--- Given data ---

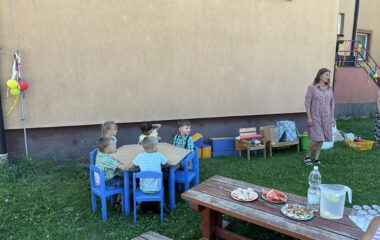 rozloučen&iacute; s před&scaron;kol&aacute;čky - IMG 2943 380x240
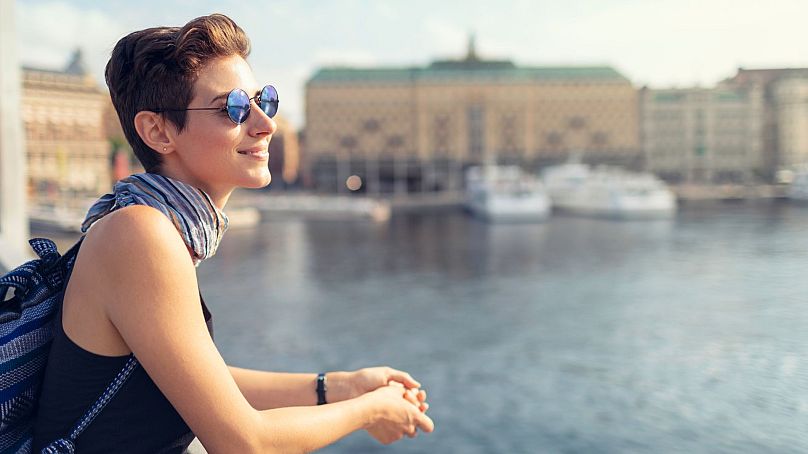 Une jeune femme regarde Stockholm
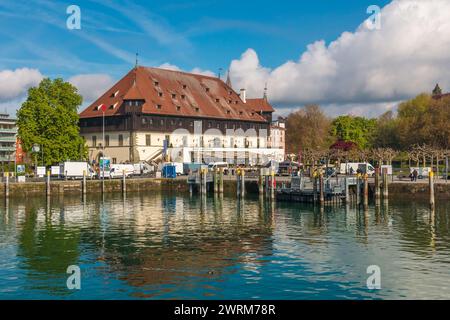 Belle vue sur le bâtiment du Conseil de Constance, construit vers 1388 sur les rives du lac de Constance. Depuis 1912, le bâtiment séculaire médiéval a été... Banque D'Images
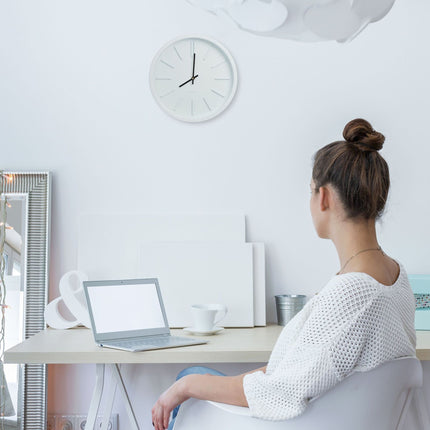 Modern wall clock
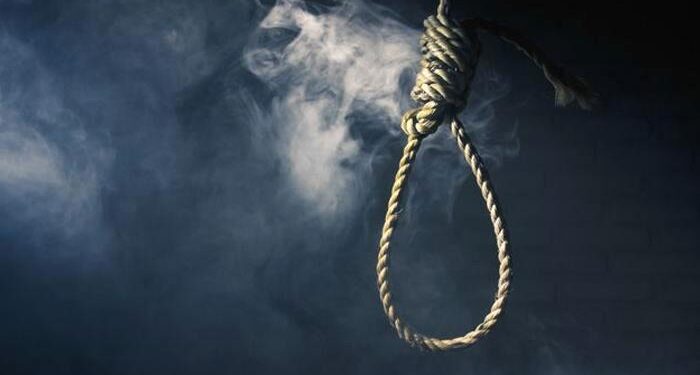 Jamshedpur-suicide : उलीडीह में 16 वर्षीय किशोरी और जुगसलाई में महिला ने फांसी लगाकर की आत्महत्या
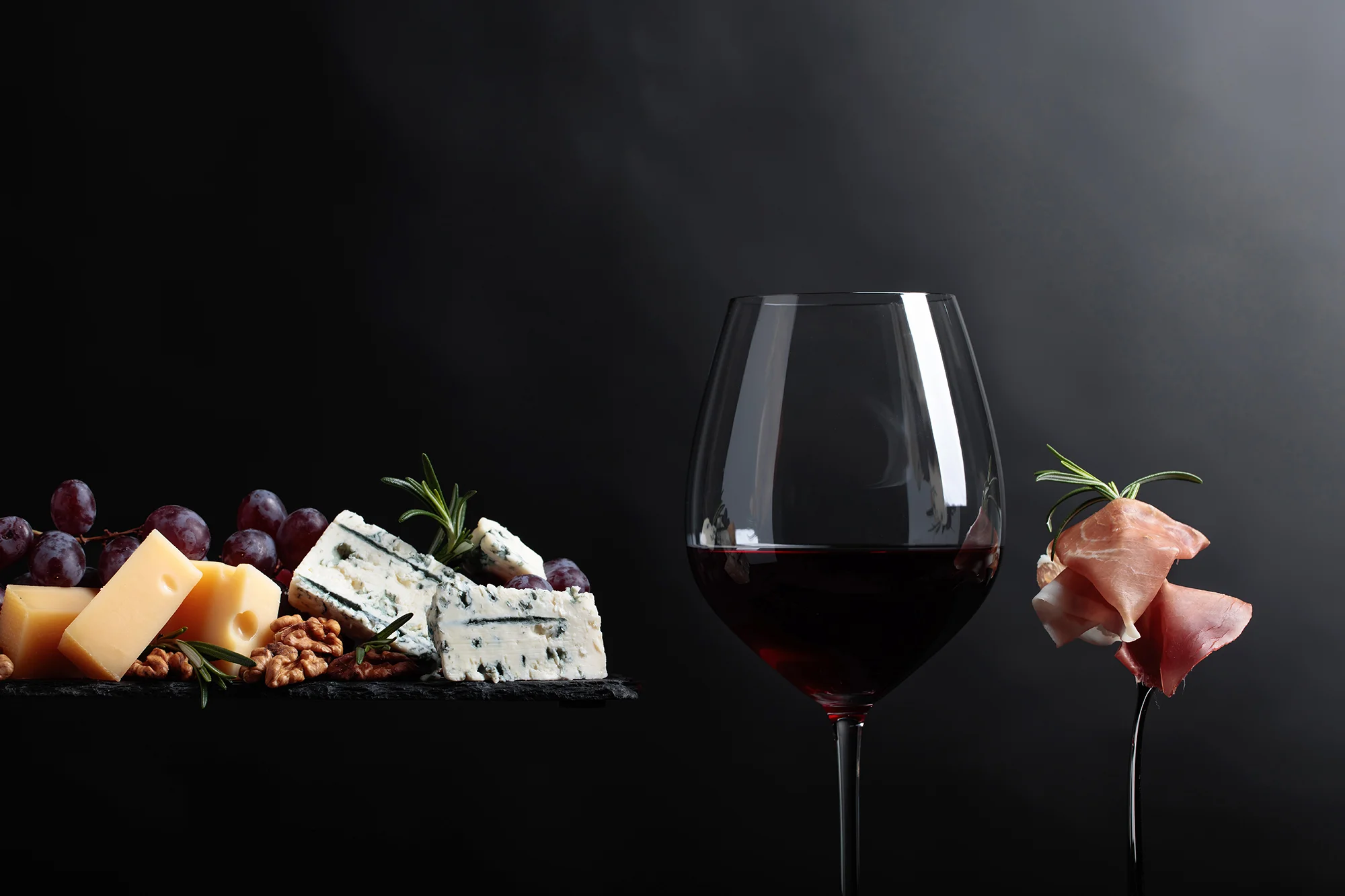 verre de vin avec plateau_small.jpg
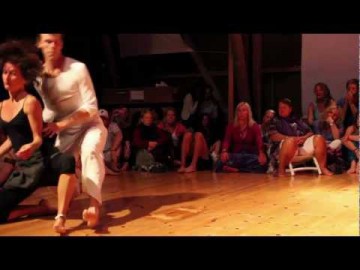 A Contact Improvisation Dialogue at NO MIND 2012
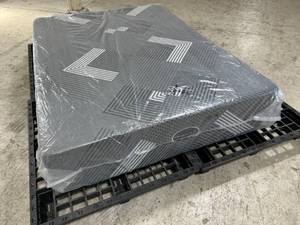 lot 15 image: Sound Sleep Elegance Series 14 Soft Memory Foam Queen Mattress with Removable Cover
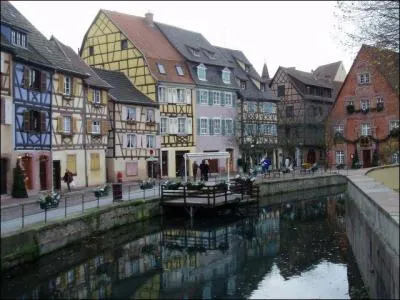 Dans quelle ville alsacienne se situe le quartier appel la Petite Venise ?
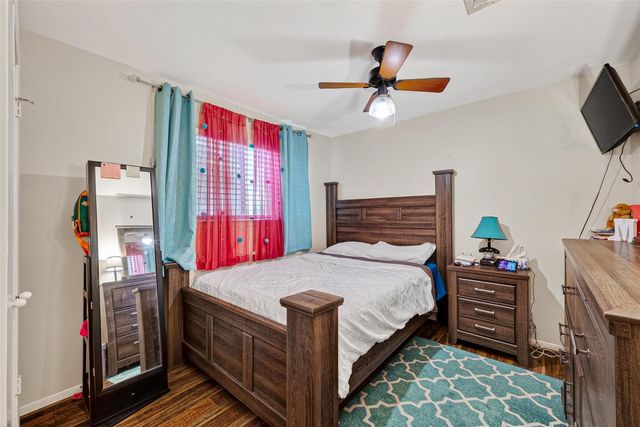 1022 Apache Falls Drive, Katy, TX 77450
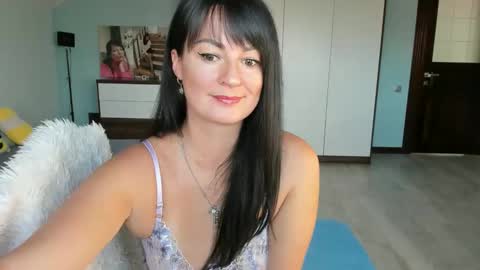 Snapshot of iracherrynow chatting on 26, 10, 2025 iracherrynow online show from 26, 10, 2025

---

### Your objective
Which lines run from the one containing "Jamshedpur-suicide : उलीडीह" to the end of the data above? Set down those lines exactly, and only those, without any pictures.

### Result
 Jamshedpur-suicide : उलीडीह में 16 वर्षीय किशोरी और जुगसलाई में महिला ने फांसी लगाकर की आत्महत्या
 verre de vin avec plateau_small.jpg
 A Contact Improvisation Dialogue at NO MIND 2012
 lot 15 image: Sound Sleep Elegance Series 14 Soft Memory Foam Queen Mattress with Removable Cover
 Dans quelle ville alsacienne se situe le quartier appel la Petite Venise ?
 1022 Apache Falls Drive, Katy, TX 77450
 Snapshot of iracherrynow chatting on 26, 10, 2025 iracherrynow online show from 26, 10, 2025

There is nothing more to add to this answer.